Effect of prostaglandin E1 on the expression of MCP-1 in cultured human umbilical vein endothelial cells / 中华老年医学杂志

Objective To investigate the effect of prostaglandin E1(PGE1) on the expression of monocyte chemoattractant protein-1(MCP-1)in human umbilical vein endothelial cells (HUVECs) and its possible mechanism. Methods Endothelial cells were incubated with oxidized low-density lipoprotein (ox-LDL group) in the presence or absence of prostaglandin E1. The level of MCP-1 in the supernatants was determined by enzyme linked immunosorbent assay (ELISA), the expression of MCP-1 mRNA in cultured endothelial cells was detected by in-situ hybridization and the protein expression of NF-κB was analyzed by Western blot. Results Compared with ox-LDL(100 μg/ml),PGE1 markedly lowered the levels of MCP-1[(0. 327±0. 051),(0. 214±0. 213),(0. 247±0. 228)pg/ml vs. (0. 655±0. 013)pg/ml], inhibiting the expression of MCP-1 mRNA [(0. 061±0. 008), (0. 033±0. 006),(0. 026±0. 004)A/μm2 vs. (0. 220±0. 032)A/μm2] in the cultured HUVECs in a dosedependent manner (0. 001, 0. 01, 0.1 mol/L).

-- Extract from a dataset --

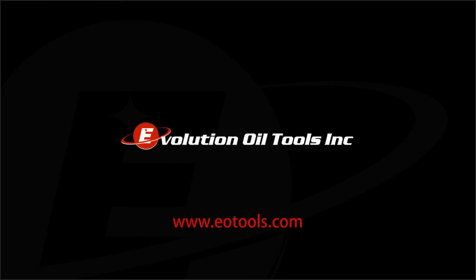For more information on the ATA and our other products, contact Evolution Oil Tools today.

Western blot analysis demonstrated that the amount of NF-κB p65 was attenuated after treatment with prostaglandin E1 for 24 hours. Conclusions Prostaglandin E1 can downregulate the expressions of MCP-1 and NF-κB induced by ox-LDL in HUVECs, which may thereby defend the blood vessel endothelial cell function.